SANDIA Flame D

Application Area 2: Combustion

Application Challenge AC2-09

Abstract

This document contains the specifications of the Application Challenge proposed by the team of the Institute of Thermal Machinery, Częstochowa University of Technology. This team performed LES predictions of the Sandia Flame D within the EU-project MOLECULES FP5, Contract N° G4RD-CT-2000-00402. The computations were performed with the BOFFIN-LES code developed at Imperial College by the group of Professor W.P. Jones. The software for the Conditional Moment Closure model used in calculations was developed by Professor E. Mastorakos at Cambridge University and implemented in the BOFFIN-LES code by the team of the Institute of Thermal Machinery.

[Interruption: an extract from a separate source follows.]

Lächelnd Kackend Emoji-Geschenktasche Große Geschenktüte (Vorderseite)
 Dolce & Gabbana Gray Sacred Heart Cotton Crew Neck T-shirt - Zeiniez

Sandia Flame D is a widely used test case for the validation of numerical models of non-premixed combustion. This flame is of the flamelet regime type in which a scale separation appears i.e. the smallest scales of the turbulent flow, the Kolmogorov scales, are significantly larger than the scales characteristic for the reaction zone. Such a flame facilitates the study of models of turbulence/chemistry interaction, allowing to separate the influence of turbulence and turbulence/chemistry interaction models from the influence of chemical kinetics models applied. Non-premixed combustion is limited by turbulent mixing and dominated by large scale structures. The quality of unsteady flow dynamics predictions seems to be crucial for the quality of the overall combustion process. Hence, within this document attention is restricted to LES calculations and neither RANS nor URANS predictions are included or analyzed.

To evaluate the sensitivity of the subgrid-scale-modeling quality on turbulent combustion predictions, two subgrid-scale models were tested: the classical Smagorinsky model and the dynamic version. Turbulent mixing features are then transmitted to the reaction front through turbulence/combustion interaction models that also influence the overall combustion process predictions. As turbulence/combustion interaction model, two different approaches were studied: the simple and efficient steady flamelet model and the more advanced simplified Conditional Moment Closure-CMC (In simplified CMC approach, the convective terms in physical space were neglected, making the model very close to the unsteady flamelet approach).

DOAPs for this type of reacting flow are velocity, mixture fraction, temperature and species concentration mean and fluctuating profiles quantified by their local maxima.